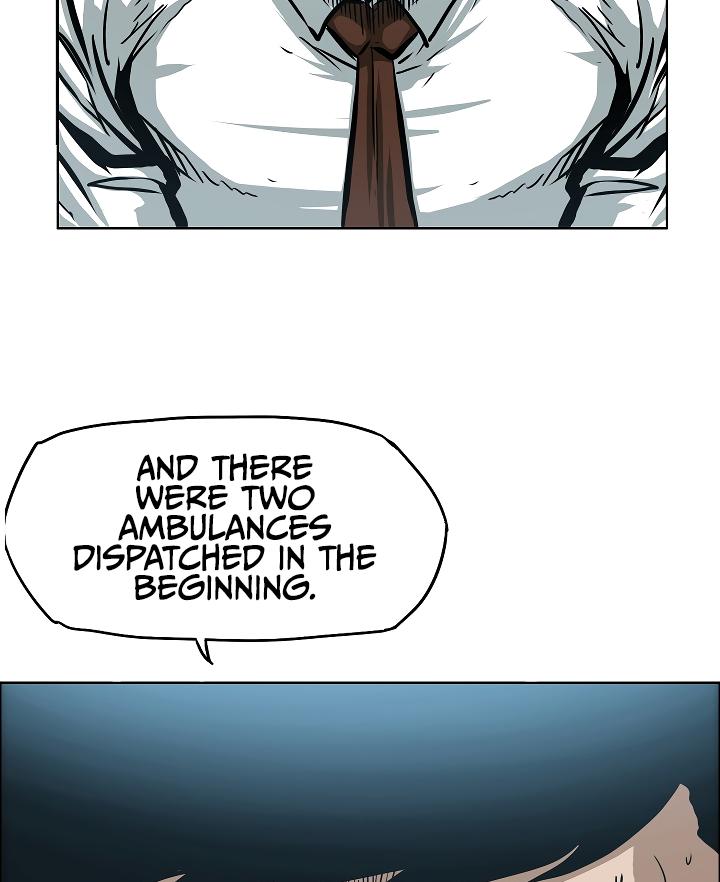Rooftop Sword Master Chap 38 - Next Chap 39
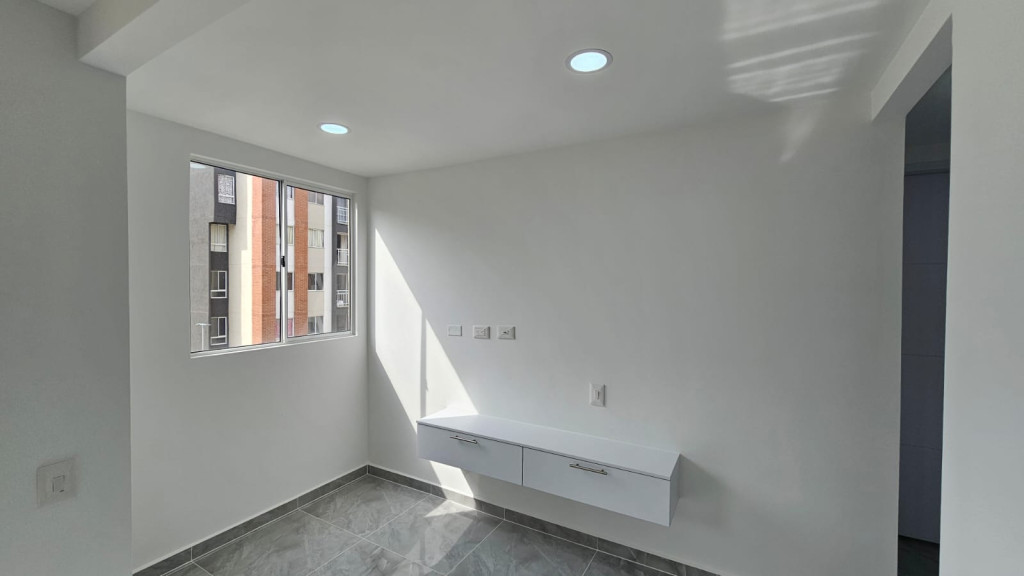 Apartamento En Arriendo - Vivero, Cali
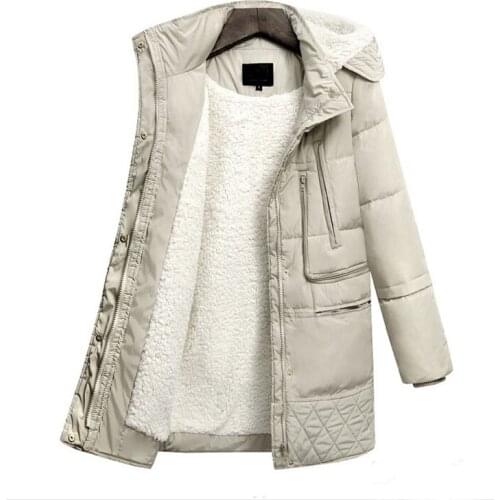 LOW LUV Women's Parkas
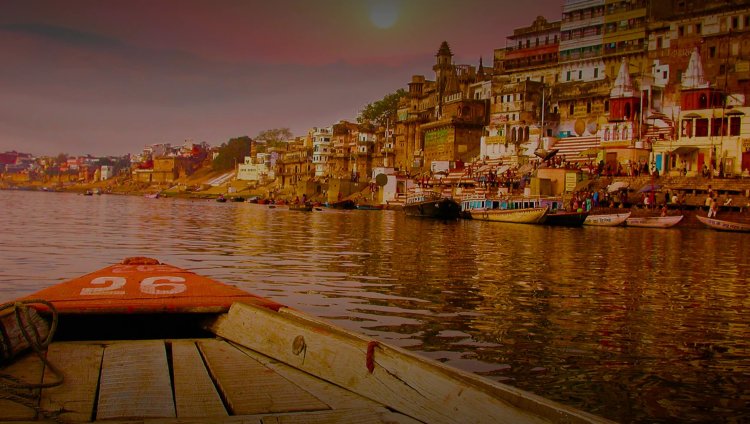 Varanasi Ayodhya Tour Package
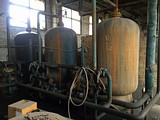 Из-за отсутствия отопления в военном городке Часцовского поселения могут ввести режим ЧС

+++

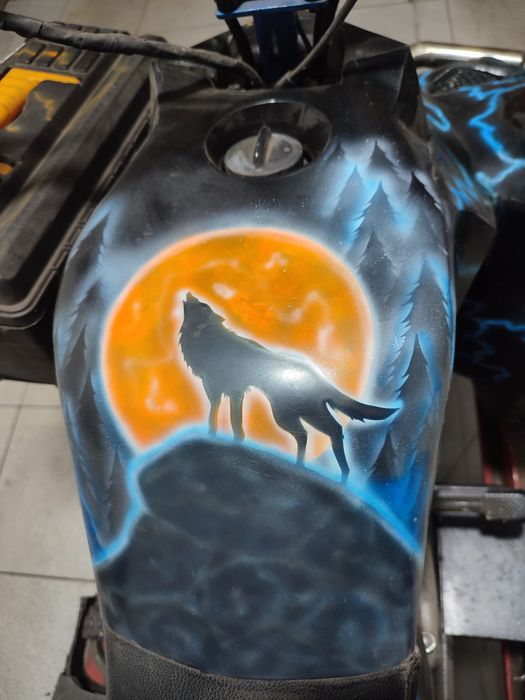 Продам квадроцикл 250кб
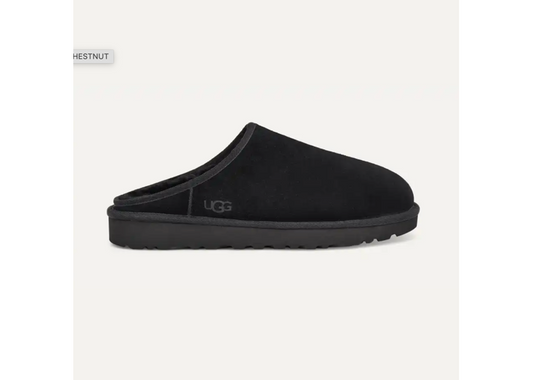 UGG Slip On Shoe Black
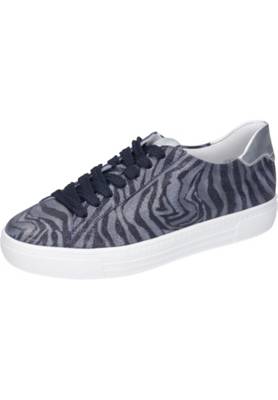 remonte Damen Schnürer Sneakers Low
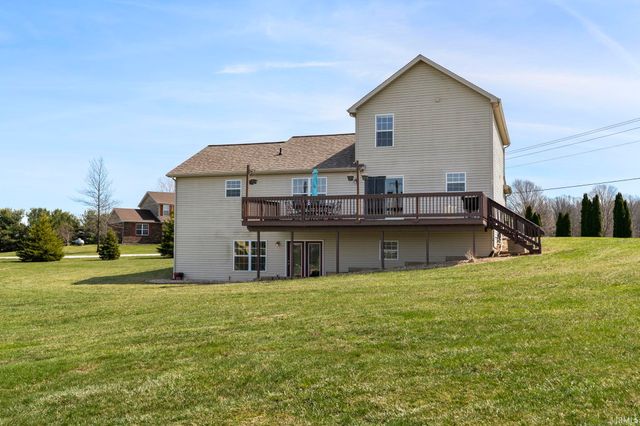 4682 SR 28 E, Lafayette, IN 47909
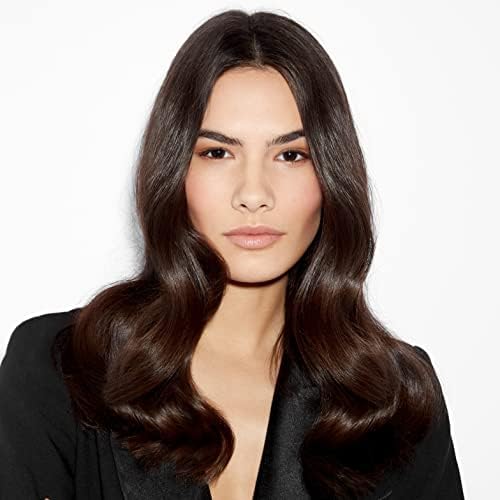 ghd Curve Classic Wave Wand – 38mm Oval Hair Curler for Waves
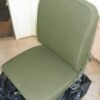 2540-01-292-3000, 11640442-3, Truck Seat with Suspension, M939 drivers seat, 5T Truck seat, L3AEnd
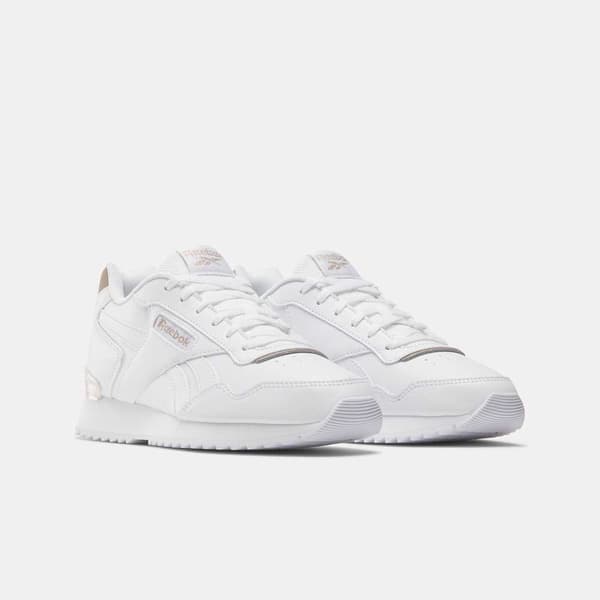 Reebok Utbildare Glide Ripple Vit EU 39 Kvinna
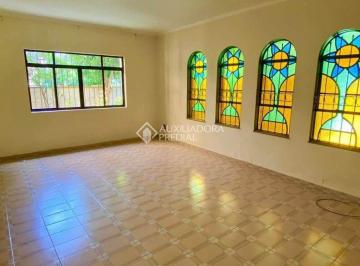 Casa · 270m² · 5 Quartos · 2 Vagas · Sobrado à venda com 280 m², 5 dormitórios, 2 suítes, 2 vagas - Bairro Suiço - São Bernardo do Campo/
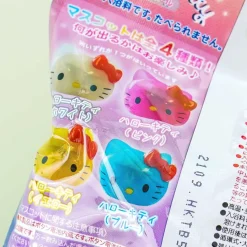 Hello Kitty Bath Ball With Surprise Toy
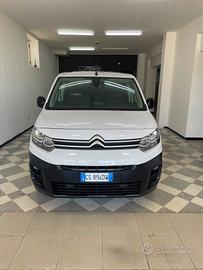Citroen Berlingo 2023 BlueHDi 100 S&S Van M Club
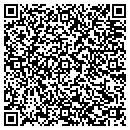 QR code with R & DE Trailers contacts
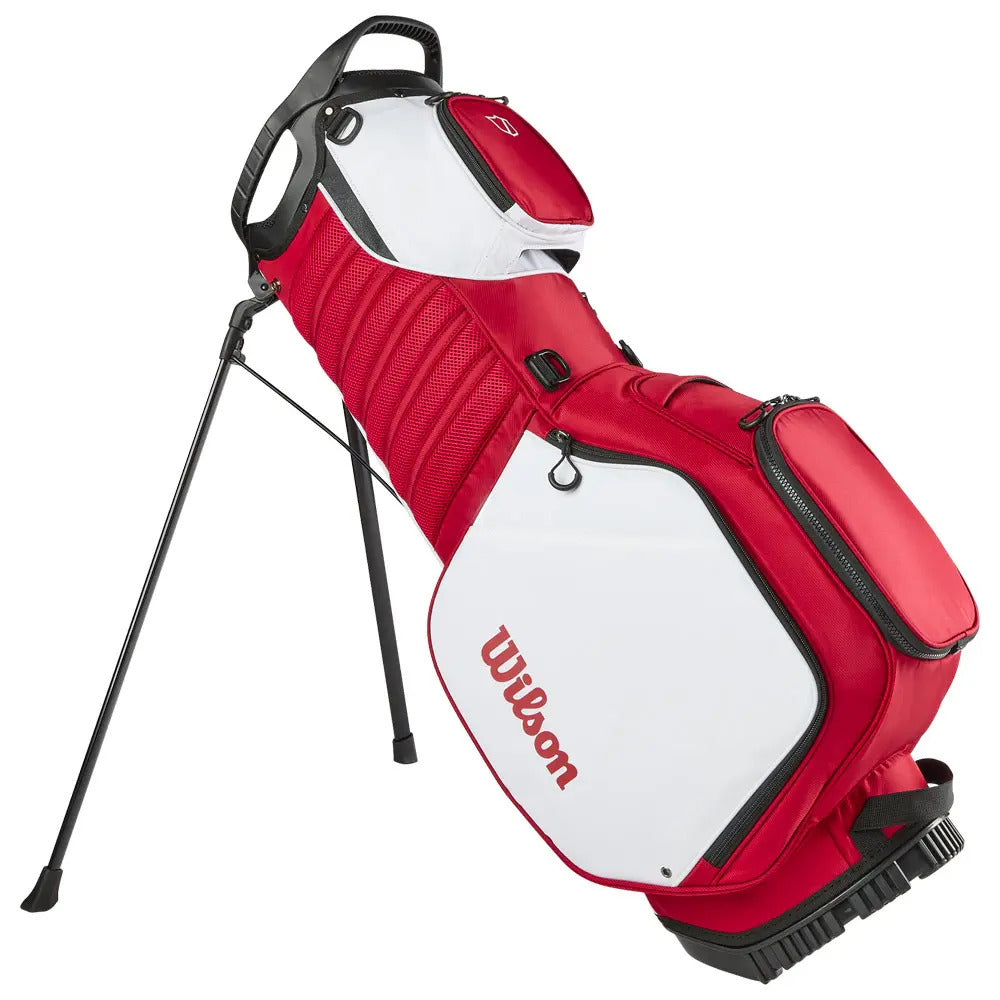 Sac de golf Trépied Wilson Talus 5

+++

= About this task =
Without the pictures, give again exactly the lines above starting at the line containing "Citroen Berlingo 2023" and ending at the line containing "Sac de golf Trépied Wilson Talus 5".

= Task answer =
Citroen Berlingo 2023 BlueHDi 100 S&S Van M Club
 QR code with R & DE Trailers contacts
 Sac de golf Trépied Wilson Talus 5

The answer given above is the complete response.